# 650b tires - Pari-Moto vs. GB Cyress



## laffeaux (Dec 12, 2001)

*650b tires - Pari-Moto vs. GB Cypress*

I've been riding a set of Pacenti 38mm Pari-Moto tires and enjoy how they ride. I don't have any real complaints. At the end of the month I'm planning a week long tour and want to carry an extra tire (or set of tires) with me as I'm guessing that finding 650b tires along the route will be next to impossible. There will be a support vehicle (camper) along with us so carrying the extra weight is not an issue.

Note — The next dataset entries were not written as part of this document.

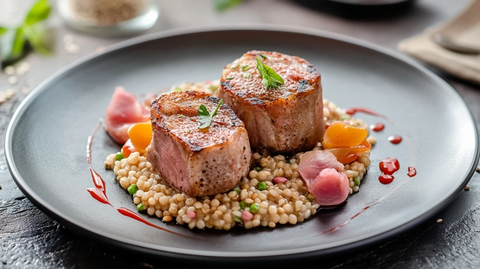 煎猪里脊配珍珠大麦烩饭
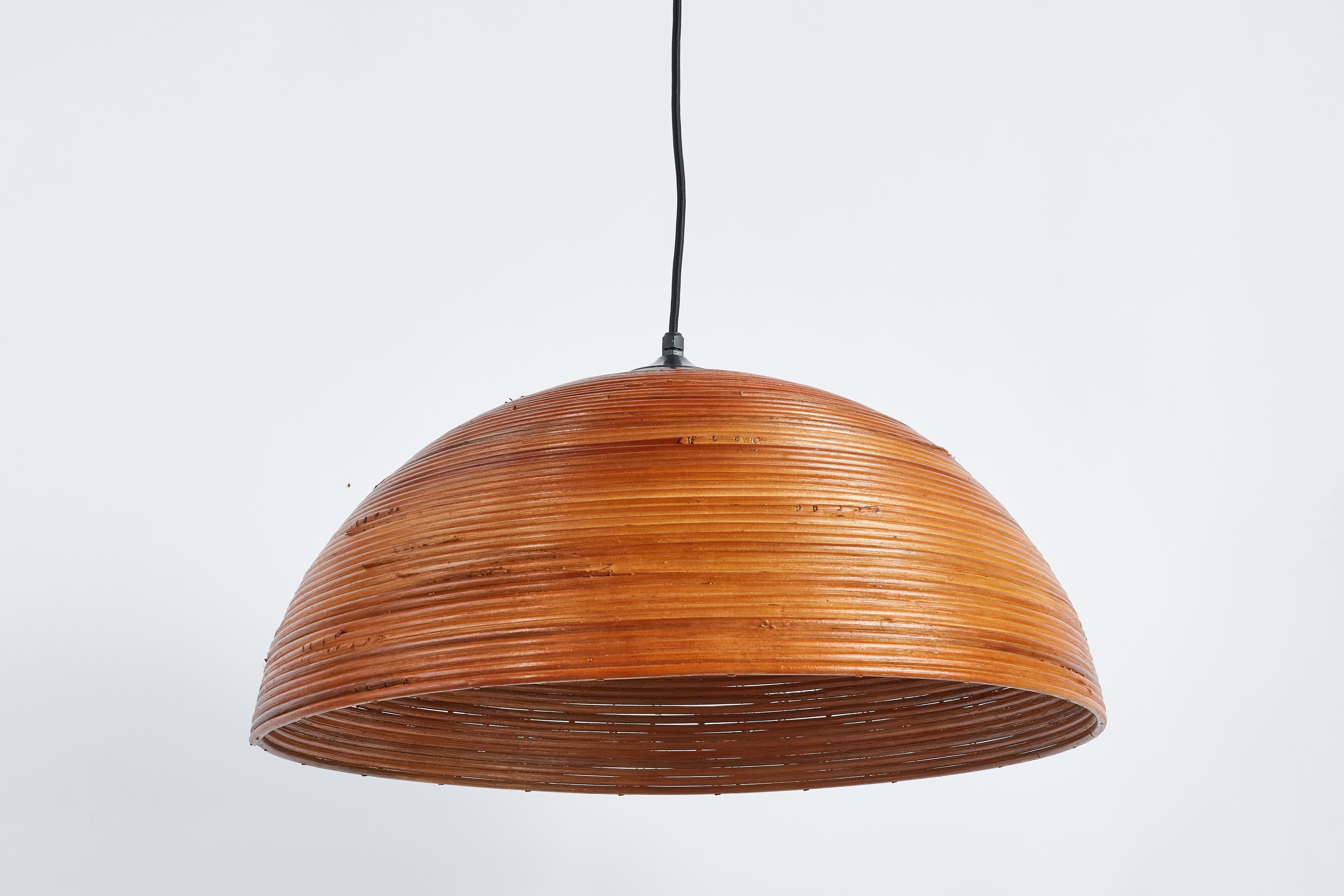 1950's Italian Rattan Pendant For Sale 1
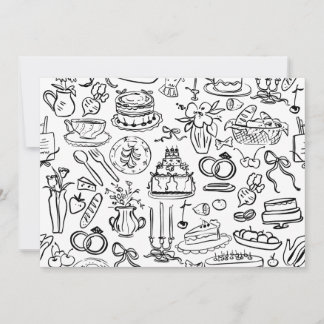 hand drawn wedding marriage vegan vegetarian invitation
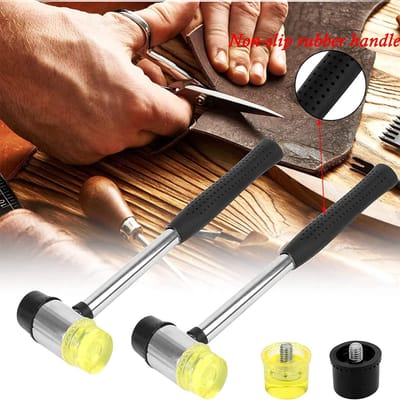 2 stuks Zachte rubberen hamer, Antislip rubberen handvat hamer, Mini dubbelzijdige rubberen hamer, Dubbelzijdige rubberen hamer, Rubberen hamer, met 8 reserve rubberen koppen, Vloerinstallatie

I was planning on buying another Pari-Moto tire. However, after looking around I found the Grand Bois 32mm Cypress tire. They look interesting. Our route should be on paved road (although we're unsure how well they're paved), and I think that a 32mm tire would be plenty wide.

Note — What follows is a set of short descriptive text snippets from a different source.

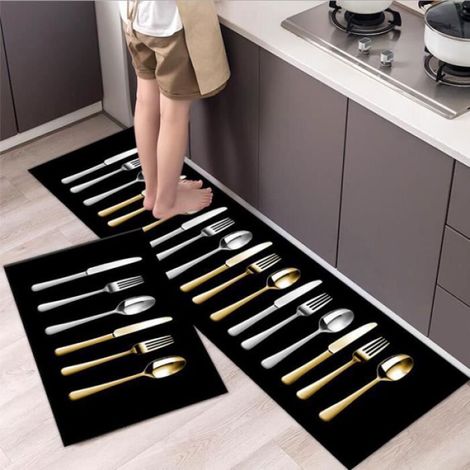 Tapis de Cuisine - 40 x 60 cm et 40 x 120 cm - Noir - Antidérapant - Polyester - Lot de 2 (1/3)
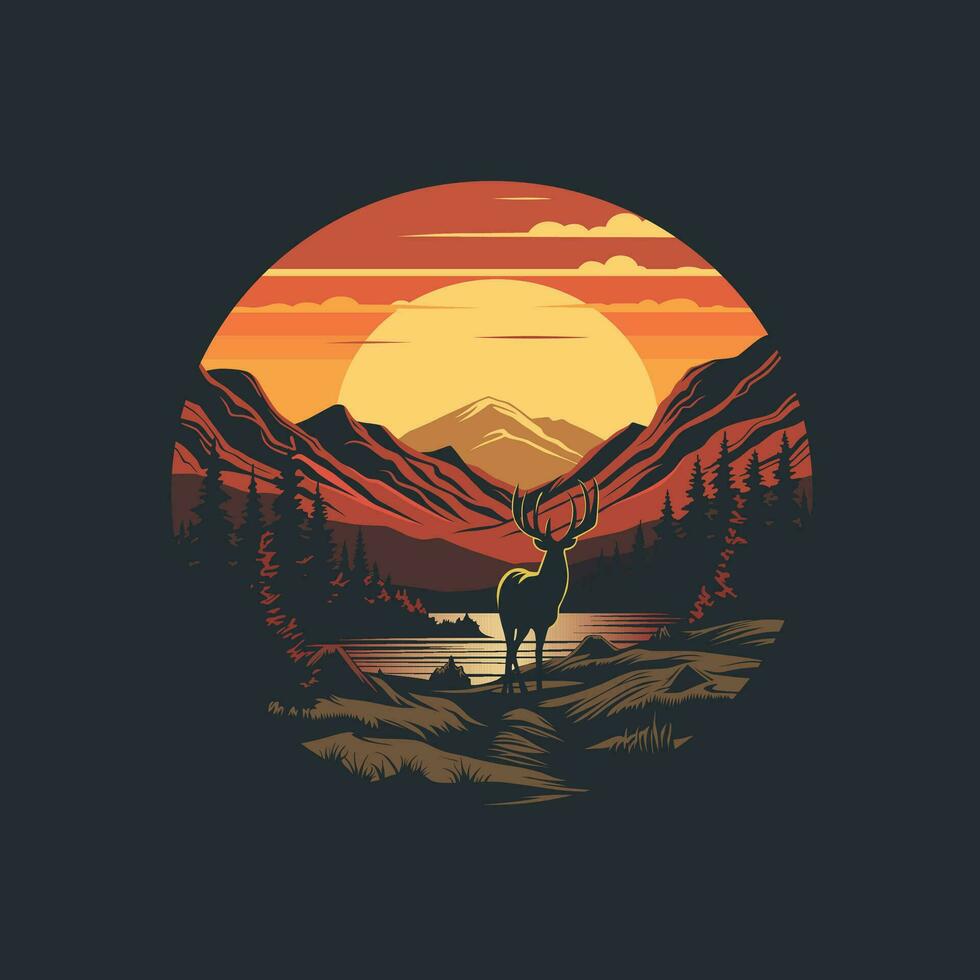 montaña paisaje con un alce y puesta de sol. vector ilustración.
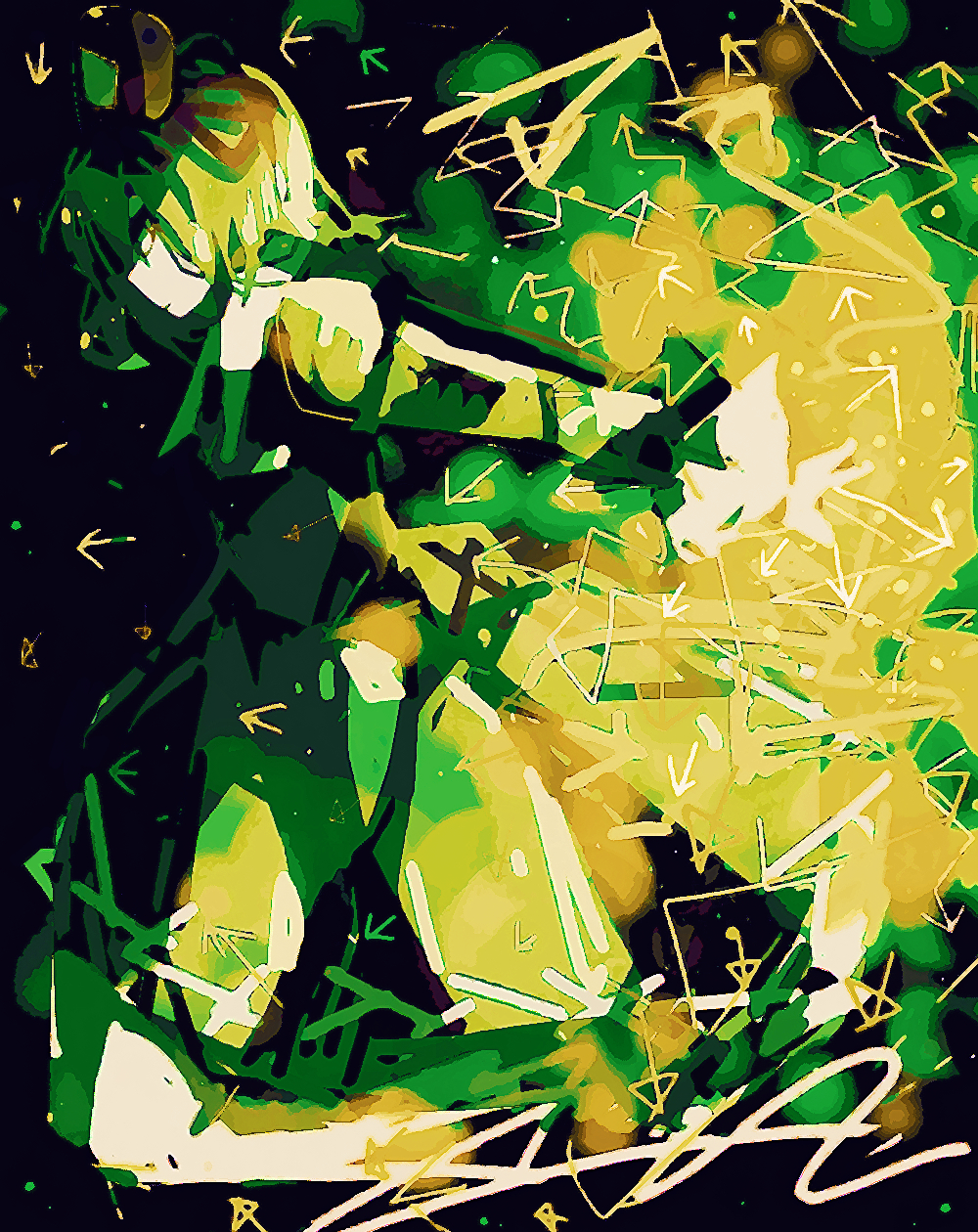 1girl arrow_(symbol) bad_id bad_pixiv_id ghost_tail green_eyes green_hair hat hazuki_shino highres soga_no_tojiko solo sparks tate_eboshi touhou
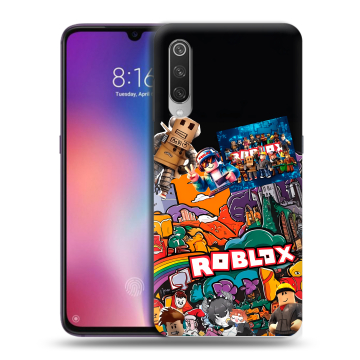 Силиконовый противоударный чехол на Xiaomi Mi9 с принтом Roblox Роблокс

Have any of you ridden both tires? How did they compare? I'm looking to cover ~100 miles per day for a week, so being comfortable is important, but keeping rolling resistance to a minimum is pretty important too. I'm wondering if the 6mm less tire on the Grand Bois tire is noticeable on a long ride.

Thanks for any info.


----------



## GRAVELBIKE (Sep 16, 2011)

Unfortunately, I haven't ridden the Cypress or Pari-Moto, but I've been pleased with the SOMA B-Line (which is basically a 650B Pasela).

Initial impressions here:
First Impressions: SOMA B-Line 650B Tire | GRAVELBIKE.com


----------



## Trower (Apr 28, 2009)

I would go for a Panaracer tire over a Grand Bois, Pan's are just reliable and tuff, but still offer low rolling resistance. The Pari-Moto is made by Pan, and if your looking to try a smaller tire give Rivendell's Maxy Fasty a try. Looks to be a Jack Brown in the 650B size. I love my Jack Browns and couldn't ask for a better tire, low rolling resistance, extreme flat resistance, and great grip. For a narrower tire I would give the Fasty a try, don't think it would sacrifice too much comfort.


----------



## laffeaux (Dec 12, 2001)

Thanks for the info. I ended up getting a spare Pari-Moto as buying one tire was cheaper than getting a pair of the smaller tires.

I've heard great reviews (on-line and locally) for the larger Grand Bois Hetre tire but little about the narrower Cyress. The Jack Brown looks like an interesting tire too.


----------